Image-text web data
----------------
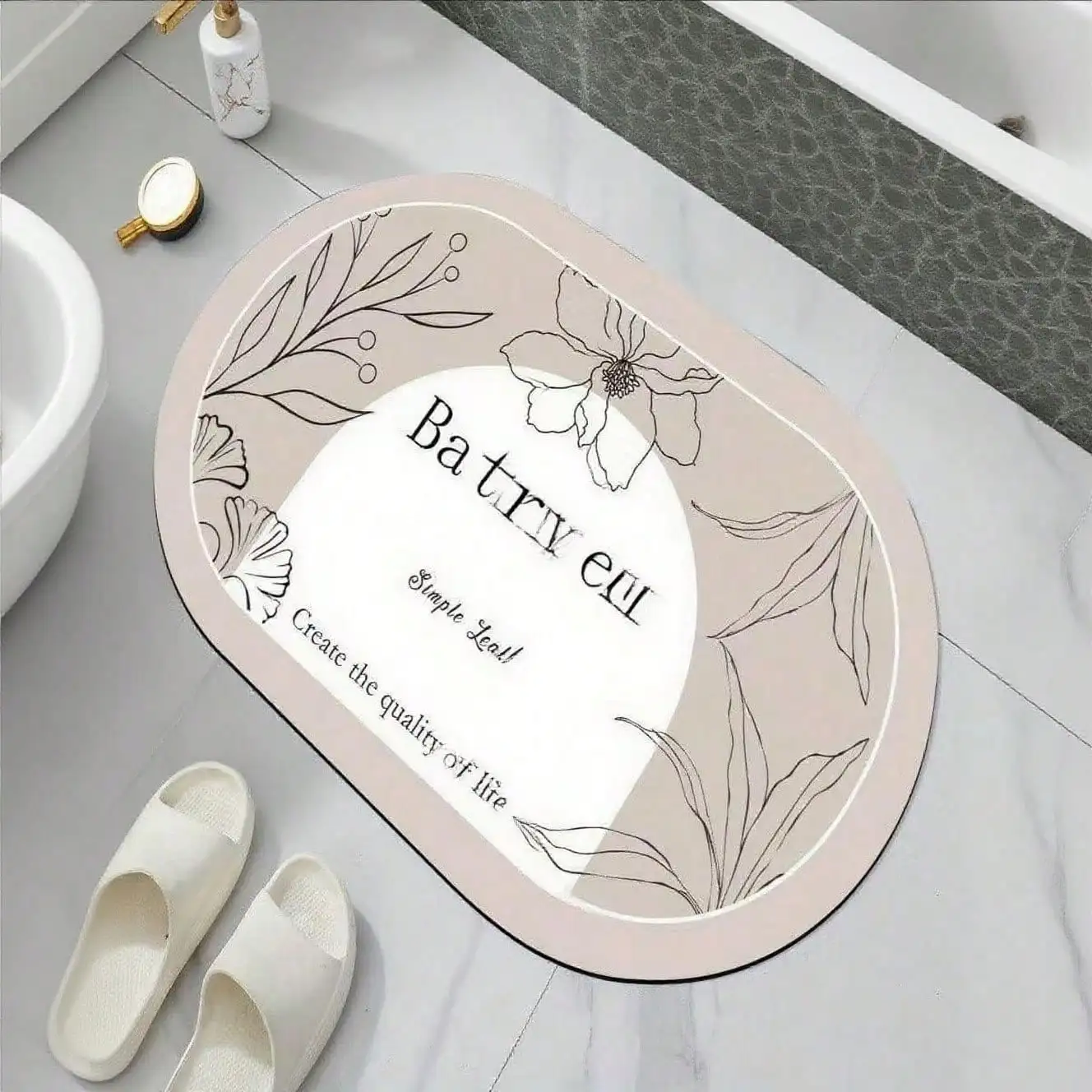 1Pc Oval Minimalist Floral & Letter Bathroom Mat, Super Absorbent Quick-Drying Non-Slip Floor Mat for Home Bathroom - Image 5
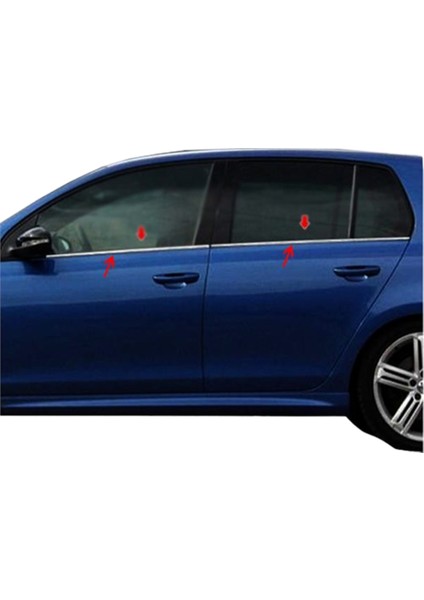 Volkswagen Golf 6 (2009-2012 ) Paslanmaz Krom Cam Çıtası 4 Parça Blueoto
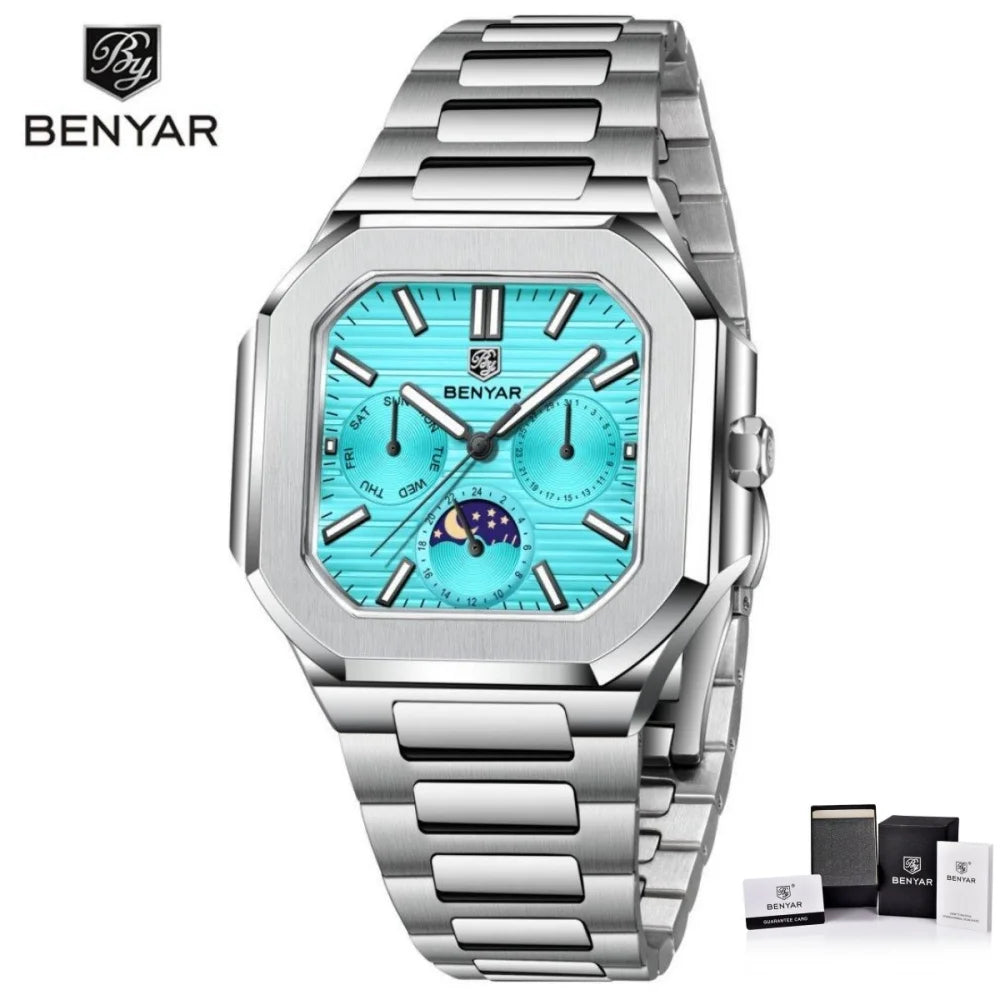 BENYAR Mens Square Watch 37mm Quartz Wristwatch Moon Phase Date Week 24 Hours Display Steel / Leather Strap Waterproof Luminous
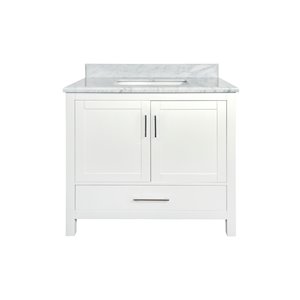 GEF Willow 36-in White Single Sink Bathroom Vanity with Carrara Marble Top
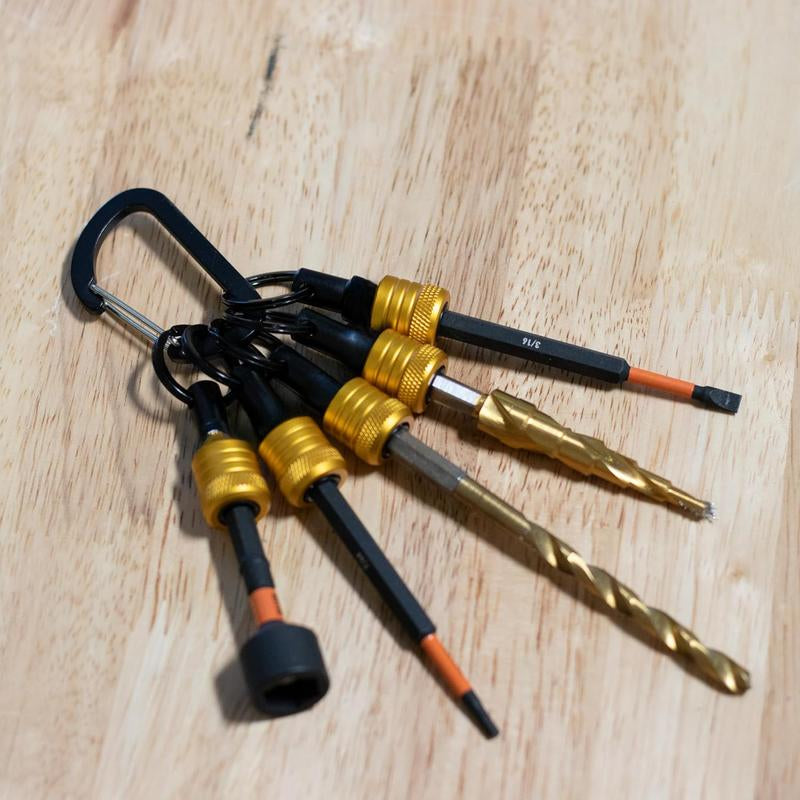 Bit Holder Keychain 5Pc - 1/4 Inch Hex Shank Bit Holders - Quick-Change Design for Nut Driver, Screwdriver & Drill Bits, Include Keychain Carabiner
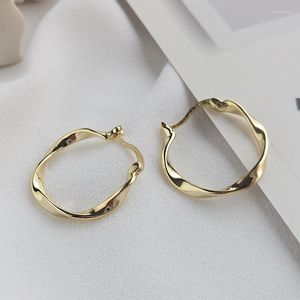 Boucles d'oreilles créoles 21.6mm 22.7MM 18K plaqué or jaune 925 argent Sterling géométrique cordée torsadée grand cercle Huggie BIJOUX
----------------
Print, please, exactly the lines from the one holding "GEF Willow 36-in" through the final line of the data, both included, while leaving out each picture.

Exercise solution
 GEF Willow 36-in White Single Sink Bathroom Vanity with Carrara Marble Top
 Bit Holder Keychain 5Pc - 1/4 Inch Hex Shank Bit Holders - Quick-Change Design for Nut Driver, Screwdriver & Drill Bits, Include Keychain Carabiner
 Boucles d'oreilles créoles 21.6mm 22.7MM 18K plaqué or jaune 925 argent Sterling géométrique cordée torsadée grand cercle Huggie BIJOUX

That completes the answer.